Your answer must be an exact copy of every record below.

◆ Data provided
=== Section Start ===
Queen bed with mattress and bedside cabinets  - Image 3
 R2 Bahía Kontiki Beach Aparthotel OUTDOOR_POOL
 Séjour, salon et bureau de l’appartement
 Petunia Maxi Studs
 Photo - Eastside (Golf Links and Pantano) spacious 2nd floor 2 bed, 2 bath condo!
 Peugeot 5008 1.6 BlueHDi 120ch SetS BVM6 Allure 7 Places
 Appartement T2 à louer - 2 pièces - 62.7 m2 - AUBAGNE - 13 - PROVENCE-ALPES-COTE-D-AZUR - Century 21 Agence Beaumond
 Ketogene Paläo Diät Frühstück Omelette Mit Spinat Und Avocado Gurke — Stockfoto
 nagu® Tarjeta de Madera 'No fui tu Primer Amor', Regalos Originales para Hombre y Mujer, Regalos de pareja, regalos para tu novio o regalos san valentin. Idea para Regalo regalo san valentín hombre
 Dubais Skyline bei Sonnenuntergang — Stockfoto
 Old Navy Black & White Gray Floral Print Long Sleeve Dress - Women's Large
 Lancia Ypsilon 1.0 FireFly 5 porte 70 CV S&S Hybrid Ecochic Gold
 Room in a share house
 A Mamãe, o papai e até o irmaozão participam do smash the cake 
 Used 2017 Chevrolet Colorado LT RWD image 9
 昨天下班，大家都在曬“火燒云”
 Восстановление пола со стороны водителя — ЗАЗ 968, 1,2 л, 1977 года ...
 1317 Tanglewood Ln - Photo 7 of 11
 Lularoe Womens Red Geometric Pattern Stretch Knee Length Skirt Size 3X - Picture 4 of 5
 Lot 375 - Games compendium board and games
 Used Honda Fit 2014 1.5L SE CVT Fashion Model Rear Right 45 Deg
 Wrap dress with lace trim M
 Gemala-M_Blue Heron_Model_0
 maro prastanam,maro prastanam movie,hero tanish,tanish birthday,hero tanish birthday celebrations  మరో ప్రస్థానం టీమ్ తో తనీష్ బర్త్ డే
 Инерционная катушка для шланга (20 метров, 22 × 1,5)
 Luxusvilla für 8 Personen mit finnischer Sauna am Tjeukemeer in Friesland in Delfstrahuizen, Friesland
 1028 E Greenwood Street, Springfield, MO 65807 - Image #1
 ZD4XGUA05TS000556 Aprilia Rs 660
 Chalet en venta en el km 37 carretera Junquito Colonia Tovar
=== Section End ===
◆ Result of the task
Queen bed with mattress and bedside cabinets  - Image 3
 R2 Bahía Kontiki Beach Aparthotel OUTDOOR_POOL
 Séjour, salon et bureau de l’appartement
 Petunia Maxi Studs
 Photo - Eastside (Golf Links and Pantano) spacious 2nd floor 2 bed, 2 bath condo!
 Peugeot 5008 1.6 BlueHDi 120ch SetS BVM6 Allure 7 Places
 Appartement T2 à louer - 2 pièces - 62.7 m2 - AUBAGNE - 13 - PROVENCE-ALPES-COTE-D-AZUR - Century 21 Agence Beaumond
 Ketogene Paläo Diät Frühstück Omelette Mit Spinat Und Avocado Gurke — Stockfoto
 nagu® Tarjeta de Madera 'No fui tu Primer Amor', Regalos Originales para Hombre y Mujer, Regalos de pareja, regalos para tu novio o regalos san valentin. Idea para Regalo regalo san valentín hombre
 Dubais Skyline bei Sonnenuntergang — Stockfoto
 Old Navy Black & White Gray Floral Print Long Sleeve Dress - Women's Large
 Lancia Ypsilon 1.0 FireFly 5 porte 70 CV S&S Hybrid Ecochic Gold
 Room in a share house
 A Mamãe, o papai e até o irmaozão participam do smash the cake 
 Used 2017 Chevrolet Colorado LT RWD image 9
 昨天下班，大家都在曬“火燒云”
 Восстановление пола со стороны водителя — ЗАЗ 968, 1,2 л, 1977 года ...
 1317 Tanglewood Ln - Photo 7 of 11
 Lularoe Womens Red Geometric Pattern Stretch Knee Length Skirt Size 3X - Picture 4 of 5
 Lot 375 - Games compendium board and games
 Used Honda Fit 2014 1.5L SE CVT Fashion Model Rear Right 45 Deg
 Wrap dress with lace trim M
 Gemala-M_Blue Heron_Model_0
 maro prastanam,maro prastanam movie,hero tanish,tanish birthday,hero tanish birthday celebrations  మరో ప్రస్థానం టీమ్ తో తనీష్ బర్త్ డే
 Инерционная катушка для шланга (20 метров, 22 × 1,5)
 Luxusvilla für 8 Personen mit finnischer Sauna am Tjeukemeer in Friesland in Delfstrahuizen, Friesland
 1028 E Greenwood Street, Springfield, MO 65807 - Image #1
 ZD4XGUA05TS000556 Aprilia Rs 660
 Chalet en venta en el km 37 carretera Junquito Colonia Tovar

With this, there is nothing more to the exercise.